Content Marketing World: Recap of Day Two (Through the B2B Lens)
Content Marketing World 2013 was a success! Here are the top five takeaways from day two, through the B2B lens.
If you haven’t yet had a chance, take a peek at my key takeaways and insights from day one at Content Marketing World. If you’re all caught up, terrific. Here are my top five takeaways from Wednesday’s sessions, through the B2B lens, as always:
1. Content measurement is difficult. Not only that, but you can’t take a one-size-fits-all approach to content measurement, because content should behave differently depending on what you’re trying to accomplish. Which leads me to…
2. What are you trying to accomplish with that piece of content? Many B2B organizations struggle to understand content performance because they have no shared understanding about the purpose of different types of content. Thus, they have no lens through which to interpret performance –other than the demand creation lens. This means that really great thought leadership or sales enablement content ends up looking like a flop on the dashboard.
3. Just like raising children, it “takes a village” to create really great B2B content. Content production experts often sit in communications or shared service groups. Subject matter experts sit in product, industry, solution or segment marketing. Buyer behavior experts sit in sales or demand-gen marketing groups. Most of the advice dished out at Content Marketing World makes the dangerous assumption that all content creators are empowered with everything they need to pump out great content. It’s important to remember that – particularly in large, complex B2B organizations – this is often not the case and that a major obstacle on the path to content greatness is the lack of functional interlock and collaboration.
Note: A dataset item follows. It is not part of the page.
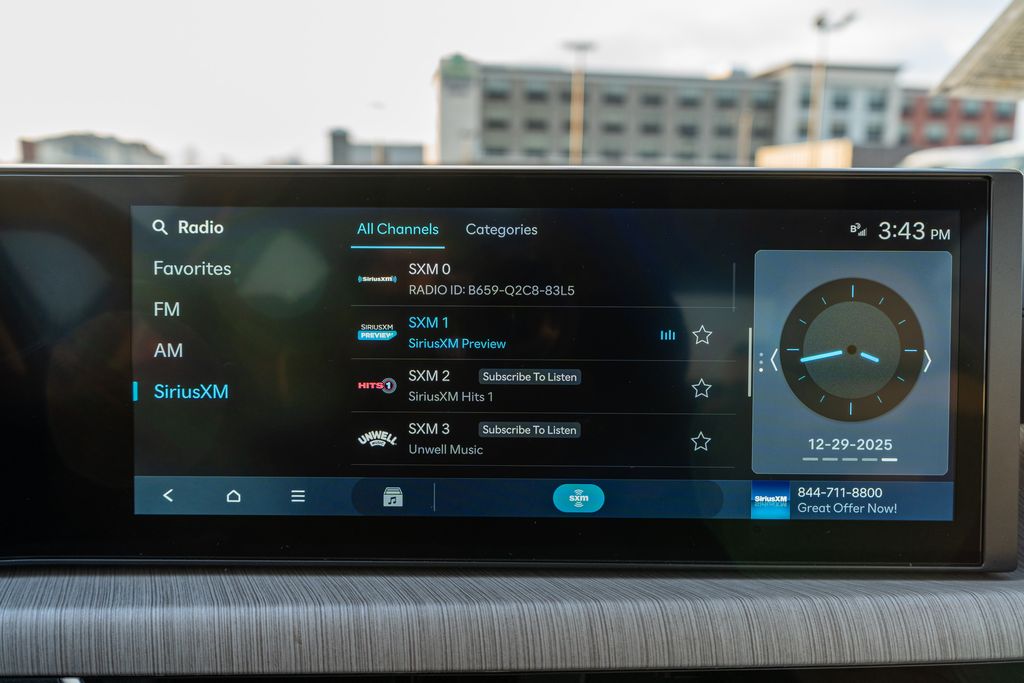 2025 HYUNDAI SONATA - Image 32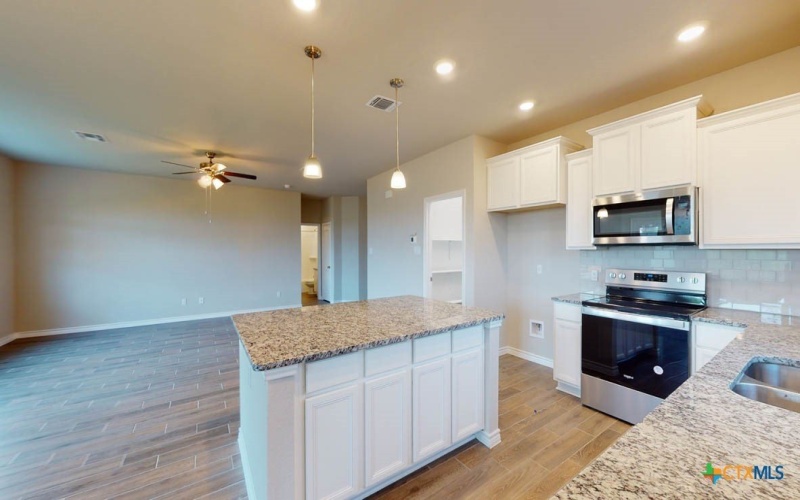 1905 Caspian Trail, Harker Heights, TX 76548, 5 Habitaciones Habitaciones , ,3 BañosBaños,Residential,En Venta,1905 Caspian Trail,0,589485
4. Although we need to bring the person (or persona) back into marketing, we also need to acknowledge that today we reach people mostly through machines. Yes, we need to write for people. But first we need to write for machines. If we don’t get it through the machines, the people almost never see our fantastic content. Whether it’s for a prospect searching for a topic on the Web or a sales rep searching for content on the portal, great content never sees the light of day unless it’s created and archived in a way that our content machines like and understand.
5. The content technology landscape has exploded, but it’s still pretty irrational. There’s a lot of overlap in functionality, and the lack of well-defined categories makes it difficult for everyone (including analysts) to bucket and compare these vendors in a meaningful way. Not only that, but most technologies are evolving faster than the industry can keep pace with. The proliferation of these tools – many of which claim B2B relevance but fail to deliver – leaves many B2B marketers asking, “Which tools do I really need?” To this, I reply, “What does your toolkit look like? Are you getting full value from your technologies?” In the case of technology – and content – more is not always better. A pared-down, more focused effort often yields greater results.